MATERIAL FOR THE TASK:
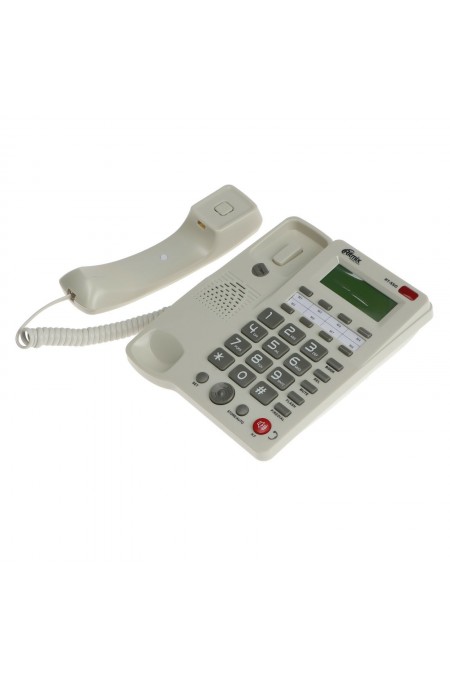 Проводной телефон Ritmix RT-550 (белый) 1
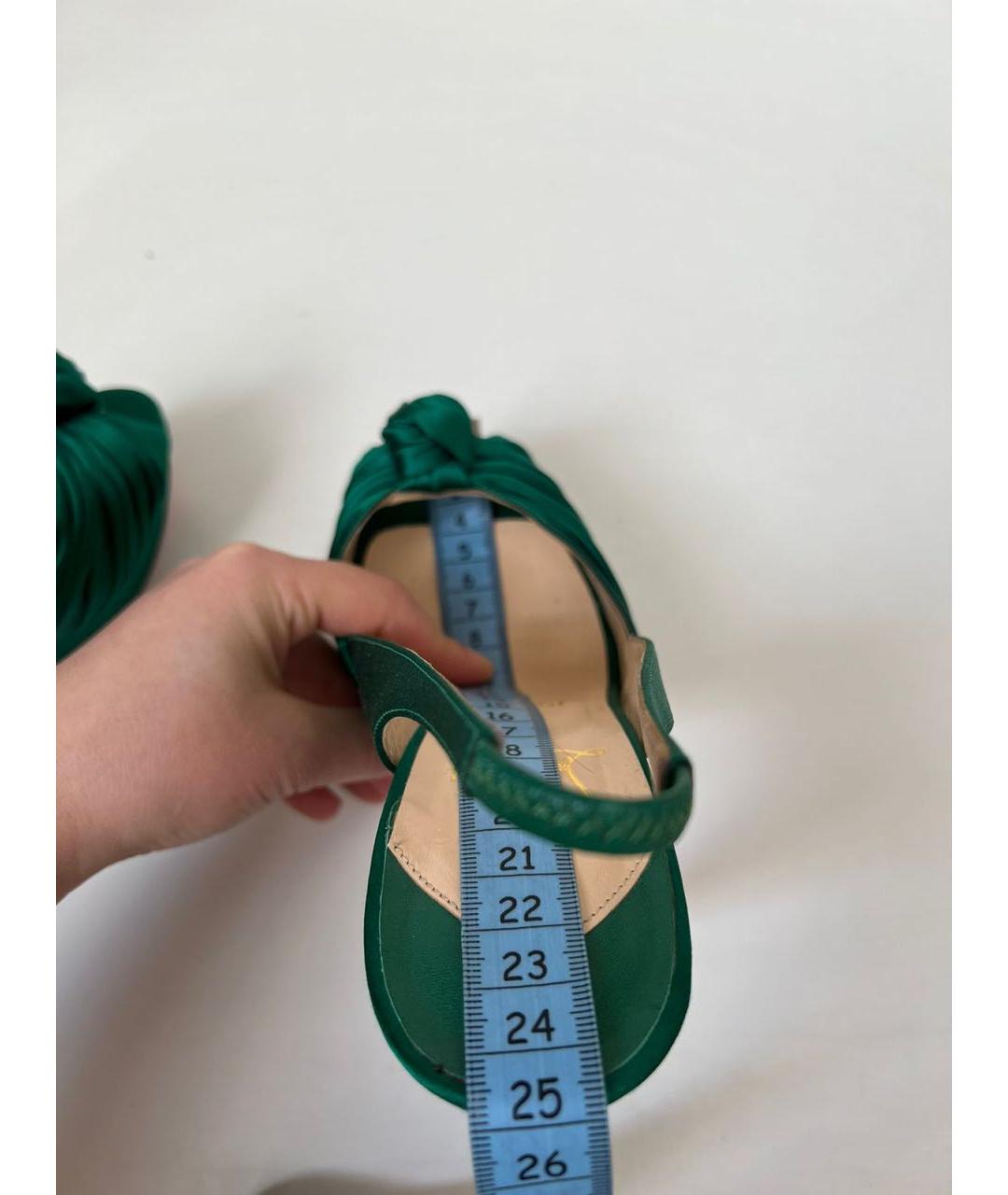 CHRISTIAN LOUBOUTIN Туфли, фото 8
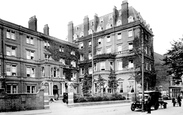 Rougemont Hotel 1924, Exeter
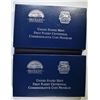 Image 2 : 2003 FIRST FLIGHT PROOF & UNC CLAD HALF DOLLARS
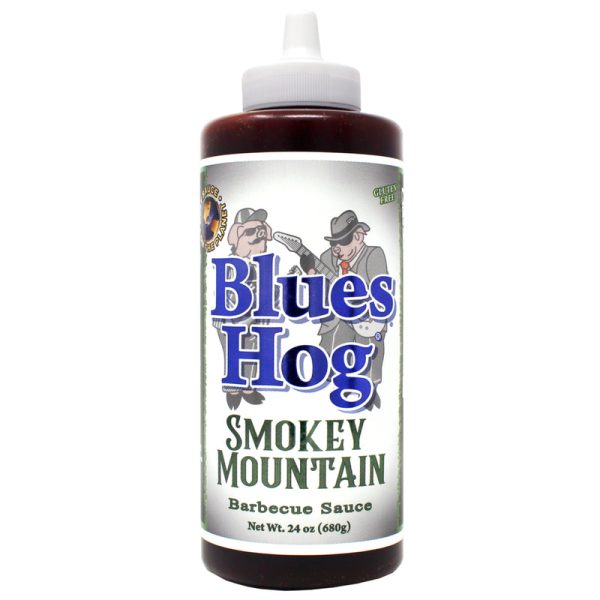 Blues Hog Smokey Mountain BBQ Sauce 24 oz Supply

PROBLEM STATEMENT: Lines from the one with "Image 2 : 2003" through the final line of the listing above: copy them exactly, both ends included, and omit every picture.

WRITTEN ANSWER:
 Image 2 : 2003 FIRST FLIGHT PROOF & UNC CLAD HALF DOLLARS
 Blues Hog Smokey Mountain BBQ Sauce 24 oz Supply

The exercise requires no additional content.